Description of the task -
Exact copies are required of the lines from the line containing "Kent State, Maryland" through the final line of the listing, both included, and of no other lines.

Material for the task -
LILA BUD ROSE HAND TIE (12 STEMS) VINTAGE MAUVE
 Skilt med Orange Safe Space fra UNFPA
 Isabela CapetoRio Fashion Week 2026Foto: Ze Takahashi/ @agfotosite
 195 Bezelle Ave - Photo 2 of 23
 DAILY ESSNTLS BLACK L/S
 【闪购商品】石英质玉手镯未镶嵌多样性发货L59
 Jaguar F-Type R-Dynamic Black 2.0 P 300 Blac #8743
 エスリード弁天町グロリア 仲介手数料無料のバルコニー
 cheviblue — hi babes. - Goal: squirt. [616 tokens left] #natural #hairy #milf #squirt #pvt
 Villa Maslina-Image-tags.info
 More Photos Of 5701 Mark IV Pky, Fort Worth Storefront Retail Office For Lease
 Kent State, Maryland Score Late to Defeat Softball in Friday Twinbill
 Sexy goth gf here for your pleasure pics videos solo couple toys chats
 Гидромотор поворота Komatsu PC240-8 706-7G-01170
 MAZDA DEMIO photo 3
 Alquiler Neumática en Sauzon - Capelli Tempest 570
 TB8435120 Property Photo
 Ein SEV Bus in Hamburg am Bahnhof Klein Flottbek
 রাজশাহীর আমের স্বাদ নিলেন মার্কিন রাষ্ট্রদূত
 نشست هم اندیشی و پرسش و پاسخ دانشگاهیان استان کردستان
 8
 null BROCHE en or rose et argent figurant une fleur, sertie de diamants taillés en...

Solved exercise -
 Kent State, Maryland Score Late to Defeat Softball in Friday Twinbill
 Sexy goth gf here for your pleasure pics videos solo couple toys chats
 Гидромотор поворота Komatsu PC240-8 706-7G-01170
 MAZDA DEMIO photo 3
 Alquiler Neumática en Sauzon - Capelli Tempest 570
 TB8435120 Property Photo
 Ein SEV Bus in Hamburg am Bahnhof Klein Flottbek
 রাজশাহীর আমের স্বাদ নিলেন মার্কিন রাষ্ট্রদূত
 نشست هم اندیشی و پرسش و پاسخ دانشگاهیان استان کردستان
 8
 null BROCHE en or rose et argent figurant une fleur, sertie de diamants taillés en...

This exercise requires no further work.